Static Grip Strength:

In the days of yore, several years ago, we upright walking apes were often asked to do manual labor of various sorts. In some cases, we may be fortunate enough to still do such things. Now, one of the all-but-forgotten things in today’s world was the the situation where we’d hoist up a heavy object and move it somewhere else. On foot. Sometimes we could sling the object over our shoulders, but sometimes, it would simply hang there in our hands as we went. The heavy wheel barrow…the pail of water…you get the idea.

For us, it tends to be that laptop case or book bag. Perhaps, if we’re lucky, it’s something we just purchased at the mall, and we’ve become lost in the parking lot.
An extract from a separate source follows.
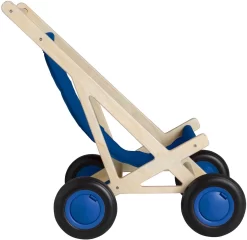 Van Dijk Toys Poppenwagen Blau 9 Van Dijk Toys Poppenwagen Blau -Spielzeug Puzzle Geschäft zijaanzicht 1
In any case, your static grip is very much the desirable quality to have when hoisting and carrying heavy things with traditional handles.

Of course, any time we pick up heavy things and carry them or support them above the ground, that tends to recruit a variety of skeletal muscles throughout the body. That said, we’ll just consider the hands for the moment.

Because static grip is such a straightforward concept, simple and easily understood exercises can be used to train it. The simplest of all static grip training exercises is the dead hang. How do you do it? Jump up and grab something you can get a grip on (like a pull up bar or any other overhead emplacement that will allow for an easy and solid grip), and and hang on as long as you can. If you have access to the monkey bars, like kids use, those are even better, as you can add a dynamic element to the training.

Almost anything in the weight room can be used to help this grip, and it will be trained simply by virtue of doing many of the classic strength and power exercises, like deadlift, clean and jerk, barbell rows, heavy shrugs, and so on. If you do heavy deadlifts, this in itself will train your static grip in a powerful way.

Another fine method for training grip strength is the Farmer’s Walk. The most basic way of doing this is to find the heaviest dumbbells in your gym and to walk as far as you can without putting them down. Expect this to be painful and difficult. Also, it’s an amazing workout for pretty much everything south of your chin. Dufflebags filled with sand or rocks can perform just as well or better than dumbbells. Anything with a handle will do. Don’t forget that you can carry one hand at a time. That’ll actually create a really powerful workout for your core muscles, as you have to equalize an imbalanced load with each step.

Rope climbing is another possible method of stimulating your static grip strength, if you wish to do that instead.